We want to take a "courageous and until now unthinkable step," French Foreign Minister Robert Schuman announced on May 9, 1950. He was speaking to the press at the Foreign Ministry on Paris' Quay d'Orsay. In concrete terms, Schuman's declaration called for the joint governance of the German and French coal and steel industry under a single high authority.

As trailblazing as the French wanted to be, the initiative was born out of necessity. The Cold War had already become a reality and the United States was busy rebuilding Germany, and trying to reconnect the erstwhile enemy with the Western world. But that also meant rebuilding the coal and steel industries in the Ruhr region, a move that led to misgivings on the French side, since it would pit Germany into direct competition with France in industries where there was already oversaturation. To make matters worse, demand slowed and prices began to drop. A serious steel crisis seemed unavoidable.

Creating the European Community

Unterzeichung der Montanunion
Robert Schuman (center)Image: dpa

But Schuman and his advisor, Jean Monnet, wanted to tackle both problems at the same time. The proposed authority would control European steel production and, more importantly, Germany would no longer be in the position to act on its own to rearm or to instigate a new war with France. The French cabinet wasn't the only body to quickly signal its support for Schuman's plan. Then German Chancellor Konrad Adenauer promptly responded that he wholeheartedly supported the plan.

To Schuman, the plan's political aspects were just as important as the economic factors.

"This plan will lay the first concrete foundations for a European federation, a federation that is essential for the preservation of peace," he said.

Just one year later, during April 1951, six countries signed the treaty establishing the European Coal and Steel Community.
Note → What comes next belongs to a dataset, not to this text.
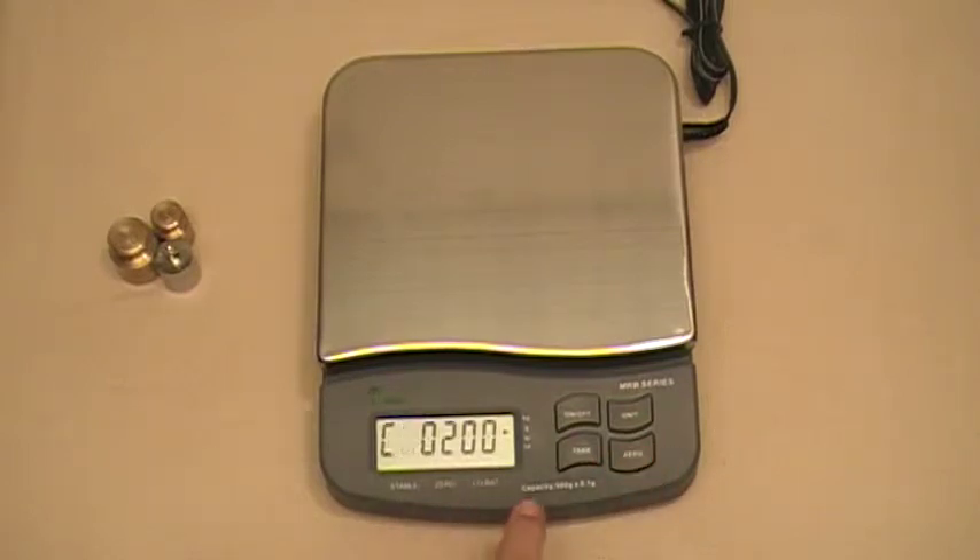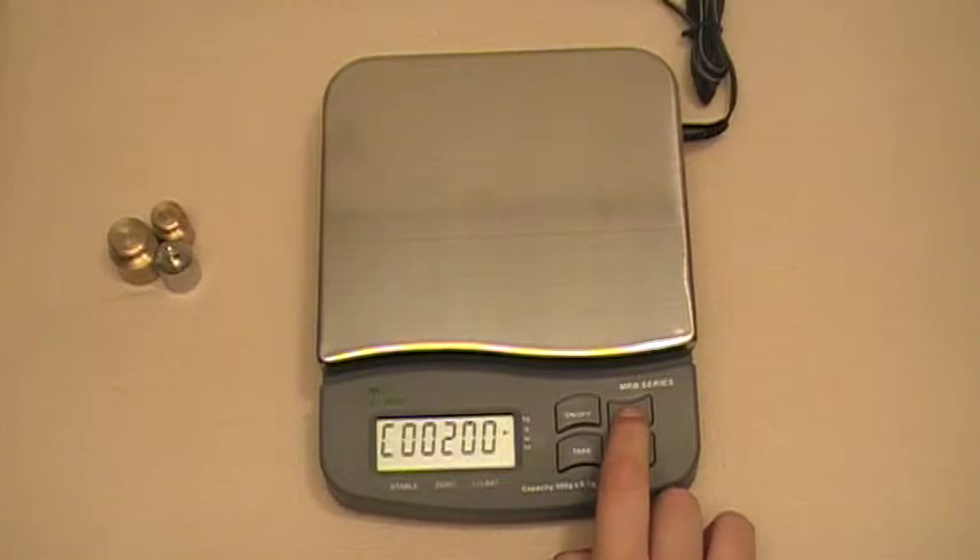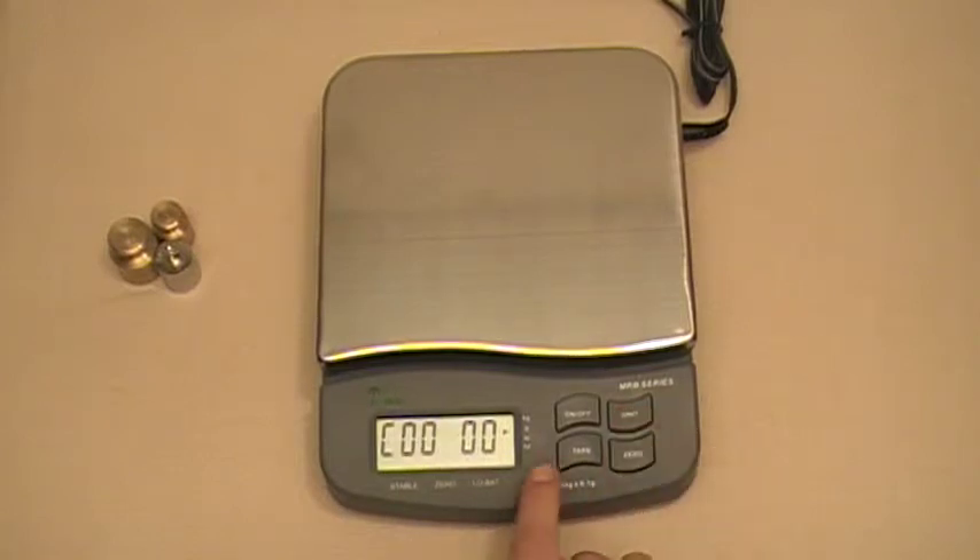Now you can select exactly how much weight you're going to be using. To move the cursor from left to right, press the unit key, and we're going to go over to 200. If you wanted to change that — say you were going to use 300 grams to calibrate — press the tare button. You can go all the way up to 9, but we're going to use 200 grams.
In addition to France and West Germany, Italy, The Netherlands, Belgium and Luxembourg also came on board.

Principles that live on today

The founding fathers of the first European Community sought from the very start to avoid the weaknesses that plagued other international organizations. Negative examples were the earlier League of Nations and the Council of Europe, which had just been founded. In those bodies, each member state held veto power and could hinder any decision. The ECSC limited the influence of individual member states. The decisive factor in decision-making was the work of the high authority in Luxembourg, which was populated with independent industry experts instead of delegates from the member countries.

These concepts still prevail today in the European Union: the equality of member states and the independence of the European Commission from national governments are all principles that Europe has preserved for a half-century.